Robots veroveren steeds meer een sociale plek in ons leven. Ook in de zorg lijken ze hard op weg naar een toekomstige rol binnen de dagelijkse zorg- & dienstverlening. Maar hoe lang zijn robots al onder ons en welke rol speelt kunstmatige intelligentie bij de inzet van robots in de zorg? Tijd voor een tweeluik over de ontwikkeling van sociale robotica in de afgelopen 100 jaar. Waar komen robots vandaan en waar staan we nu als het om robots in de zorg gaat? In dit eerste deel blik ik graag met u terug. Zo zullen we zien dat er tastbare aanknopingspunten liggen vanuit die historie met de huidige én toekomstige toepassing van robots in de zorg.

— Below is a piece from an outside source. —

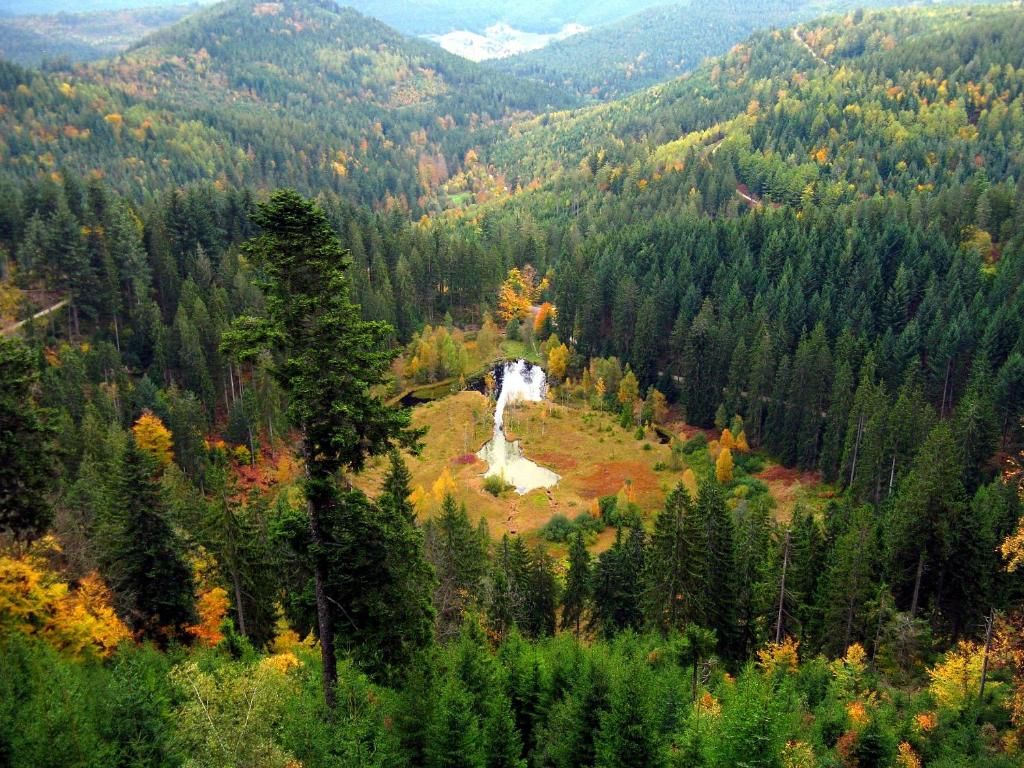 Ferienwohnung Landhaus Seiler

Het jaar 2020 zullen we niet snel vergeten. Dit met dank aan de coronacrisis, die onze maatschappij mogelijk voor altijd zal veranderen. We zijn ons eens te meer bewust geworden van de kwetsbaarheid van onze gezondheid en van onze economische keuzes. De impact op de zorgsector is groot en geeft ons meer stimulans dan ooit om zorginnovaties versneld door te voeren. Zo'n honderd jaar greep de Spaanse griep nog verwoestender om zich heen. Alleen al in Nederland overleden naar schatting 38.000 mensen. Sindsdien is er heel veel gebeurd. Vlak na de Spaanse griep werd zelfs de basis voor ons huidige zorgsysteem gelegd. Tevens bracht de afgelopen honderd jaar enorme technologische vooruitgang, waaronder de robot. Exact honderd jaar geleden werd voor het eerst de term 'robot' geïntroduceerd. Sindsdien maakte robotica en later kunstmatige intelligentie een snelle opkomst. Tijd om eens stil te staan bij dit bijzondere fenomeen. Waar staan we vandaag de dag als het om robots gaat in ons leven en de maatschappij? Loopt Nederland voorop in de toepassing ervan? En heeft de coronacrisis gezorgd voor een extra stimulans om met robots te gaan experimenteren?

Robots en hun historie
Eerst een stukje historie over honderd jaar robots en kunstmatige intelligentie, twee nauw verbonden zaken. De term robot duikt voor het eerst op in het Tsjechische toneelstuk R.U.R. in 1920. Daarin worden fabrieksarbeiders vervangen en uiteindelijk uitgeroeid door efficiëntere mensachtige machines. In 1939 veroorzaakt Electro een sensatie op de wereldtentoonstelling in New York. Een stalen skelet met tandwielen en een motor, gehuld in aluminium. Hij voedt de groeiende fascinatie van mensen voor robots. En in een film uit 1940 doet Roll-Oh de robotbutler wat elke huisvrouw maar wil: alles in het huishouden. We zien een grote mechanische robot, slechts een dagdroom. Sindsdien zijn robots een groot deel van ons leven geworden. In 2020 delen we de aarde met zo'n negen miljoen robots. Drie miljoen daarvan werken in fabrieken. 1.400 zelfrijdende auto's vinden we op de weg in alleen al de VS. Ook in de zorg vinden we de robots in groeiende mate. Met bijna 5.000 Da Vinci chirurgische robotarmen worden patiënten mondiaal geopereerd in ziekenhuizen. Naarmate robots slimmer, sneller en sterker worden, verbeteren ze ons leven.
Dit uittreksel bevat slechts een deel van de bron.